JCR-UK

North-East England Jewry
in Victorian Britain
(Gateshead)

 

 

   
 


Extract from papers on
Provincial Jewry in Victorian Britain

Papers prepared by Dr. (later Prof.) Aubrey Newman for a conference at University College, London, convened on 6 July 1975 by the Jewish Historical Society of England
(Reproduced here with Prof. Newman's kind consent)

Paper first published on JCR-UK: 21 July 2016
Latest revision: 23 August 2016

Papers on North-East England

GATESHEAD (Co. Durham)

Published Data

1901[b]

Jewish population, 123.

Synagogue, 14 Redheugh Bridge Street (founded 1887), seatholders,  24.

Friend in Need Society (founded 1892). Object, relief of the Jewish Poor.
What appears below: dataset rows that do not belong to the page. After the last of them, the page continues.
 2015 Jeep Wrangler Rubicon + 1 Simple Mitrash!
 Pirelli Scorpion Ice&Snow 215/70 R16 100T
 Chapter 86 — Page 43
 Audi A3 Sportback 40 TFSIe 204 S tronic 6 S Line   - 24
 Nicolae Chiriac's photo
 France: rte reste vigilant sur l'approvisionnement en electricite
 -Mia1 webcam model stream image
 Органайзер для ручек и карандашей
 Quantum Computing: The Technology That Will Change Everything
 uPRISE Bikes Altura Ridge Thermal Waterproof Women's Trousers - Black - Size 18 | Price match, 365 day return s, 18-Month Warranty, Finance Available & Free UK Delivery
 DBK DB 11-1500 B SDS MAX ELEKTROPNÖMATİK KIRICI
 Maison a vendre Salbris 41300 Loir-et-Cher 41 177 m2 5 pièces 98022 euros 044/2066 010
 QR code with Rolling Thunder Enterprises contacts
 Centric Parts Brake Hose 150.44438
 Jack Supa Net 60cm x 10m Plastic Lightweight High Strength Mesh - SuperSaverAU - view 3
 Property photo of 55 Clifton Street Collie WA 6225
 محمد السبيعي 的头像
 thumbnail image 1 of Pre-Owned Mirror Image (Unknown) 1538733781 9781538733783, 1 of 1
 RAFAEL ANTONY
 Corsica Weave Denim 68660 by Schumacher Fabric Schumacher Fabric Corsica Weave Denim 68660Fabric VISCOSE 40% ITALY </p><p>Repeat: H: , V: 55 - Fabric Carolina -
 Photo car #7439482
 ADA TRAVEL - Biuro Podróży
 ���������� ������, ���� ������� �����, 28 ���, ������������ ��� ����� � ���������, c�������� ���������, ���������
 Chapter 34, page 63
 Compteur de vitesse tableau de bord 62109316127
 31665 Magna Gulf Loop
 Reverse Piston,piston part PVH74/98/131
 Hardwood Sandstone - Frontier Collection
Mode of election, majority of votes.

Benevolent Loan Society

[b - Jewish Year Book]

 

Board of Deputies returns

births marriages seatholders

1892

no register

1

16

1900

no register

3

30

 
Gateshead
prepared by L. Olsover

The story of the Gateshead community is linked with that of Newcastle. The union there of the two congregations in 1880 was not altogether to the taste of some of their members, and in particular to one Zaccariah Bernstone, glazier, picture-framer, and peddlar in gas mantles. Dissatisfied with the Anglicised ritual of Newcastle he moved to Gateshead circa 1881 and did his best there to establish a very strictly orthodox community.

The origins of this community were diverse; some were from Galicia, some from Lithuania, and some from Poland. All were very Orthodox however and within two years, in 1883, they had managed to pay the weekly rent of one shilling for a room over a hay loft in Clayton Street as their first place of communal worship.

They were unwilling to be dependent upon or even connected with the Newcastle community, and were fortunate enough to be given a Sefer Torah by a wealthy lace manufacturer in Nottingham. Early fissiparious tendencies were soon met, but overcome, so that two of these early Chevras combined in 1887 to form a rather bigger place of worship at Redheugh Bridge Road which by 1889 had 24 seatholders and served a total Jewish population of a little over 100.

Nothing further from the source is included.